When it comes to motivation, are you an inny or an outy? Does your motivation come from within or from the outside? And are you motivated by pain or gain?

Are you running from something or moving toward it? Knowing the answer to these questions will help you come up with practical ways to get more motivated.

If you are motivated from within, your chances of making big changes are much greater than if something outside is influencing you. And if your motivation comes from what can you gain instead of what will you lose, so much the better -- although both can be compelling.

Look back at the times when you accomplished something really big. What set you down the path, and what kept you moving when you wanted to stop?

If you made changes in your life because a loved one nagged you or because "everyone is doing it" or to prove your detractors wrong, your shifts were probably short-lived.

 But if you moved ahead toward something because it was something you wanted for yourself, you most likely succeeded.
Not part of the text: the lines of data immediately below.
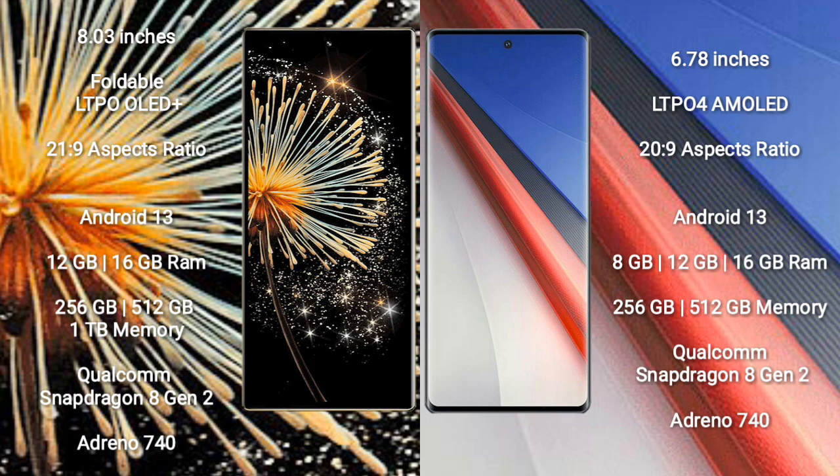Xiaomi Mix Fold 3 comes with 12GB or 16GB RAM and 256GB, 512GB, or 1TB internal storage. It is powered by a Qualcomm Snapdragon 8 Gen 2 processor with GPU Adreno 740.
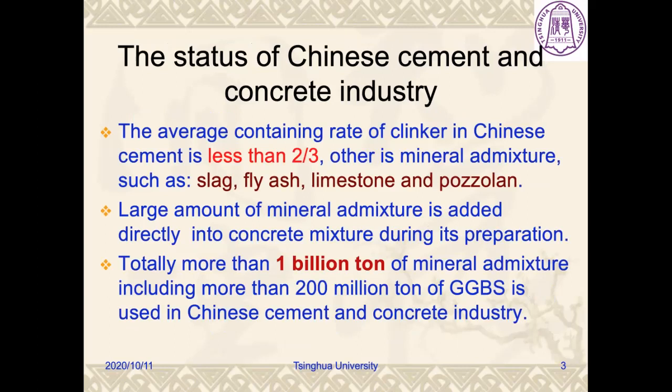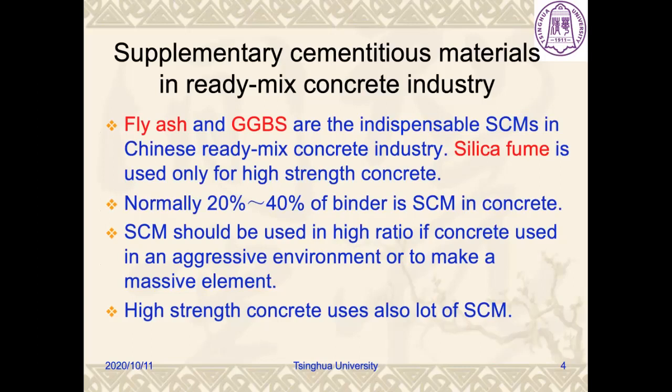The average clinker content in Chinese cement is less than two-thirds. The rest is mineral admixture, such as slag, fly ash, limestone, and pozzolan. Large amounts of mineral admixture are added directly into concrete mixture during its preparation. In total, more than 1 billion tons of mineral admixture, including more than 200 million tons of GGBS, is used in Chinese cement and concrete industry. Fly ash and GGBS are the indispensable SCMs in Chinese ready-mix concrete industry. Silica fume is used only for high-strength concrete. Normally, 20% to 40% of binder is SCM in concrete.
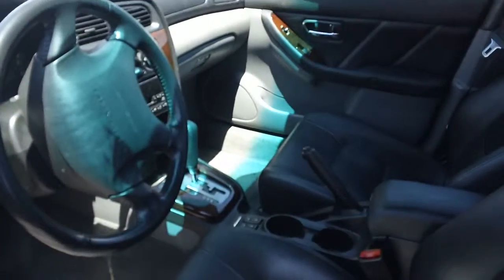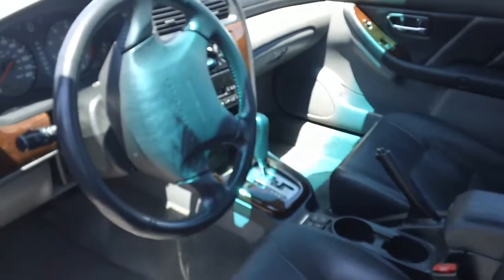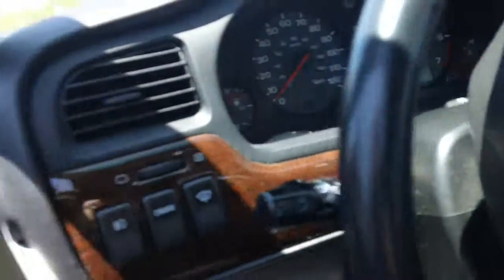Look at the condition that it's in and it hasn't even gone into detail yet. Look at the seats — no tears on the seats, unbelievable. It's got your heated seats right here. Look at the trimming — it's got like the little wood trimming, not like the plastic stuff, but it looks really nice. And look at the doors, it's so intact. It's got your moon roof.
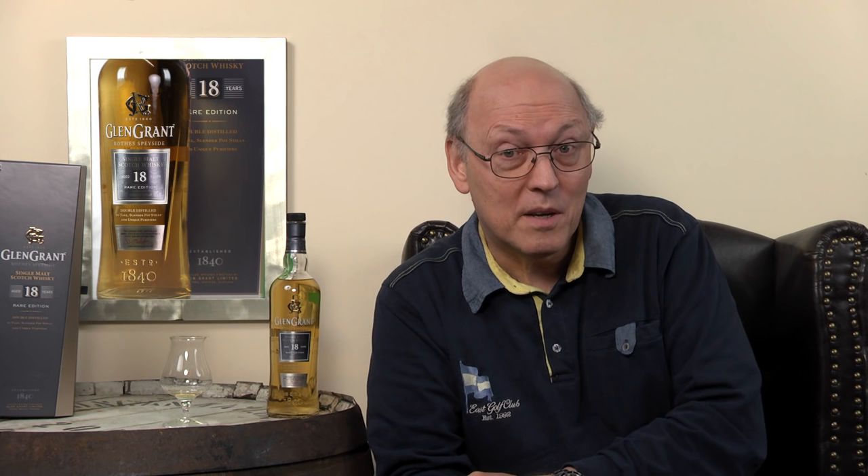Thank you very much for watching. Stay tuned, there's more to come. Feel free to add your comments about this whisky in our forum and our whisky database on Whisky.com.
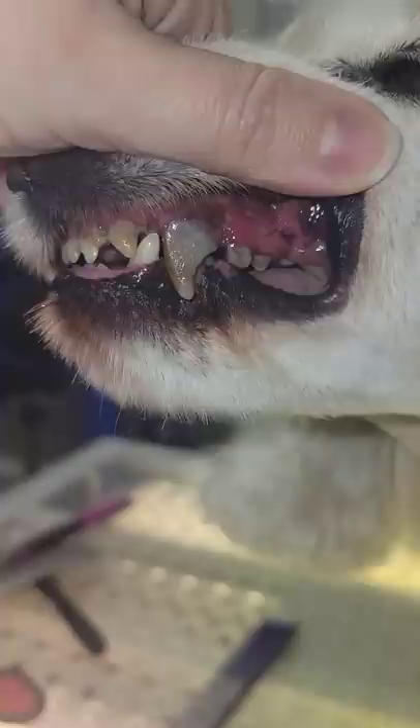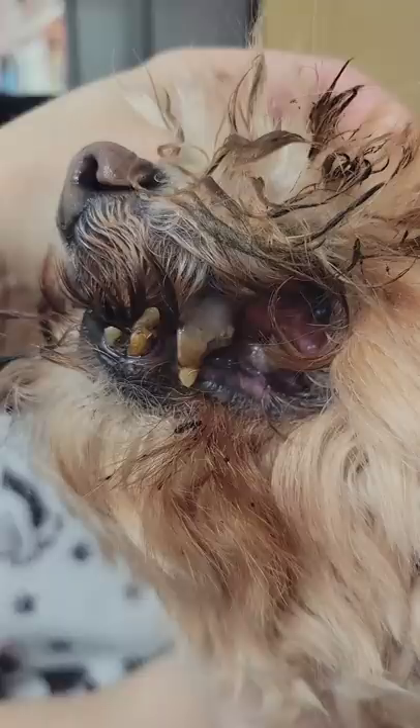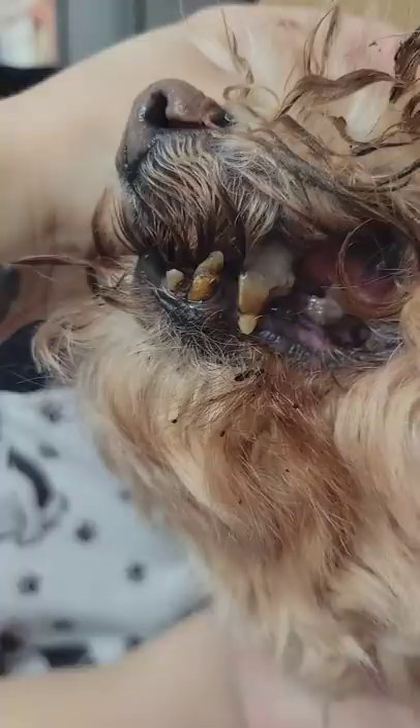Teeth like this can be fatal for your dog, and that's something that a lot of pet owners don't realize. This is both extreme tartar buildup and dental disease. This tartar is pushing up against the gum line, which is very painful and can cause infection.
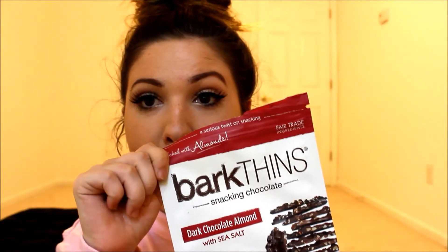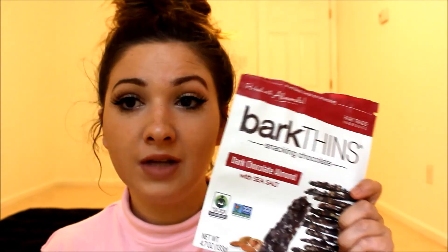The next thing I have are called Bark Thins and they are super, super delicious — they taste even better when they're in the refrigerator. They are dark chocolate almond with sea salt. I've just been obsessed with these. Dark chocolate is actually supposed to be really healthy for you, so I've been switching to these rather than a Hershey's candy bar when I get that chocolate craving.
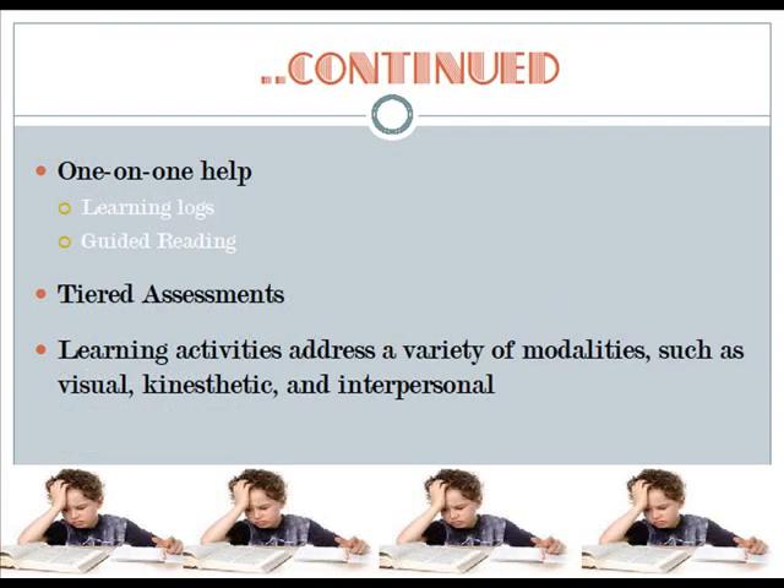Further, students receive more one-on-one help through activities like learning logs and guided reading. Also, teachers tier assessments. Lastly, learning activities address a variety of learning styles and modalities such as visual, kinesthetic, and interpersonal.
Even then, it's no sure thing to maintain, since it's hard to stay motivated all the time (this is where the ongoing support of a professional coach comes in handy).

So what motivates you?

If your list looks something like this -- money, fame, adulation or respect -- you might want to rethink it. The best, most powerful motivation comes from feelings, not from objects, ideas, conditions, philosophical constructs or even what you or others think you should do.
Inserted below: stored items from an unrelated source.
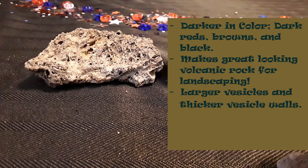Scoria is darker in color due to the basalt content within. It will come in dark browns and dark reds and those kind of colors. You will see scoria often in landscaping — you'll be walking down the street and somebody will put a bunch of this as some landscaping rock. They have larger holes or vesicles and also thicker vesicle walls.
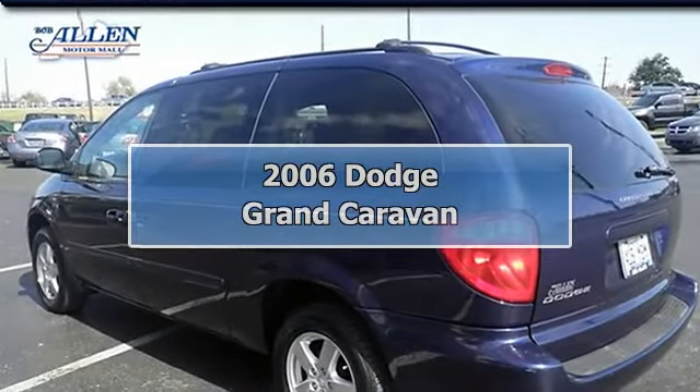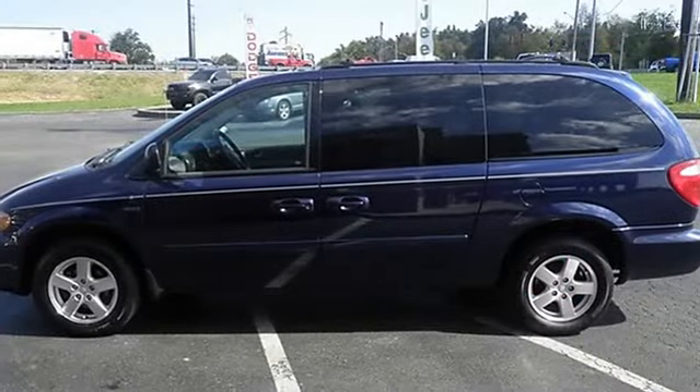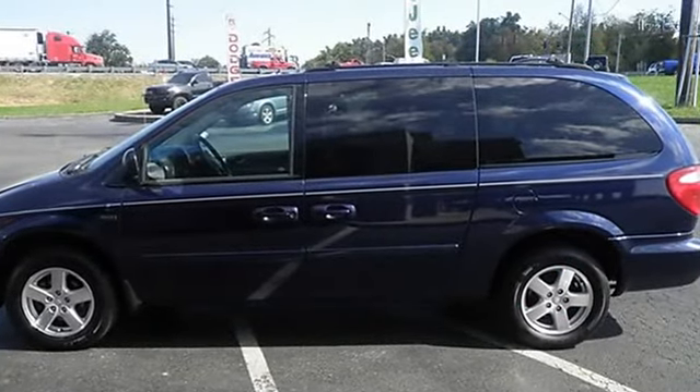There is no better time than now to buy this reliable SXT, ready to do it all for you. New in stock. A real head turner.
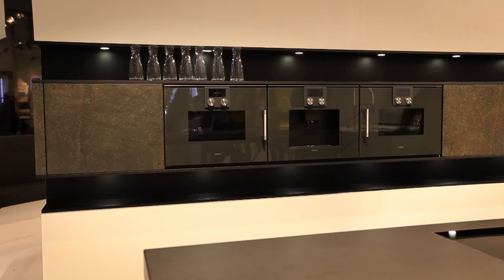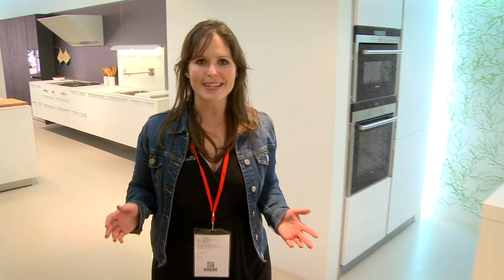What an amazing time we've had here at Eurokuchina in Milan, Italy, where we've seen the best and greatest kitchen design trends in the world. Join us next week as we see some more. We'll see you next week.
If money motivates you, describe how you feel when you have it. Just fill in the blank: "When I have all the money I want/need, I feel...." Now look at your word choice. If you "feel like" or "feel that," you're probably not expressing a feeling.

For example, if you said "when I have all the money I want/need, I feel like people will respect me" or "when I have money in the bank, I feel that I can do anything I want," you are not describing emotions.

Try rewording it: "When I have all the money I want, I feel strong and independent." It's the emotions to which you want to connect because they provide the fuel to keep you moving.

Plus, it's so much more pleasant to embrace the gain of joy, satisfaction, gratitude and love than the avoidance of fear, anger, envy, guilty, embarrassment, shame and bitterness.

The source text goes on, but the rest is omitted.